• [MATERIAL SUPPLIED]

Segment Open

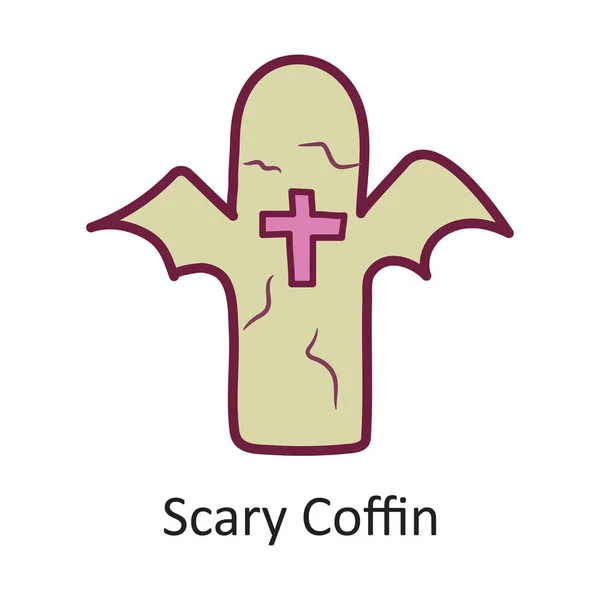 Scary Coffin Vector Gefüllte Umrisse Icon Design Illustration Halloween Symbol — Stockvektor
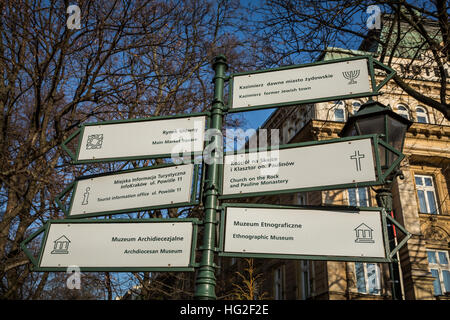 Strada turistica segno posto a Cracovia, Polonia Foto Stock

Segment Closed
Segment Open

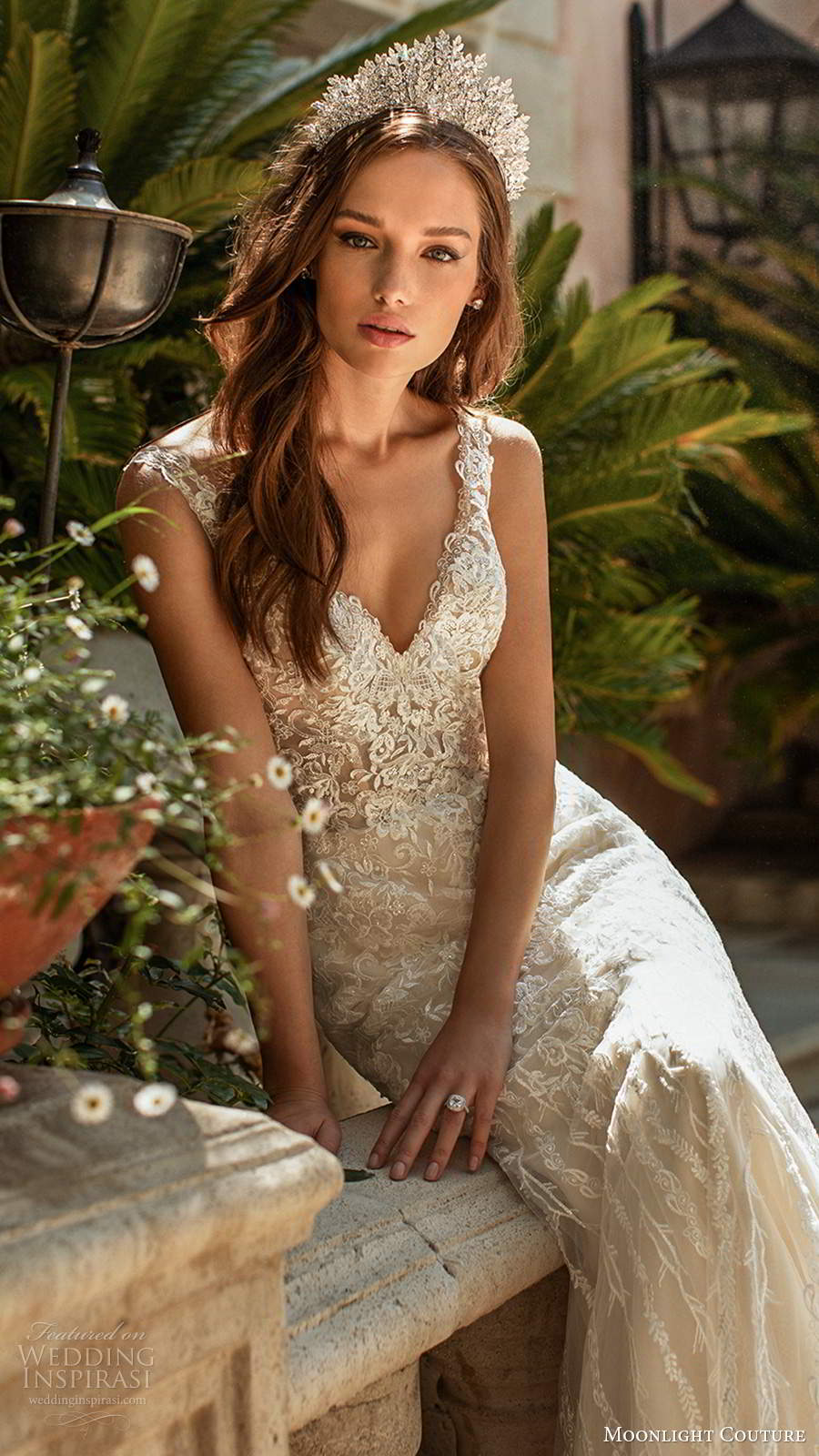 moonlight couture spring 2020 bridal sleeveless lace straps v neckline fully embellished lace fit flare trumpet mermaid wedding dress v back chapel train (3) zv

Segment Closed

• [HOW TO COMPLETE THIS TASK] In the records above, find the line containing "Scary Coffin Vector" and the line containing "Strada turistica segno", then give both of them again word for word along with every line between. Omit any pictures.

• [OUTPUT]
 Scary Coffin Vector Gefüllte Umrisse Icon Design Illustration Halloween Symbol — Stockvektor
 Strada turistica segno posto a Cracovia, Polonia Foto Stock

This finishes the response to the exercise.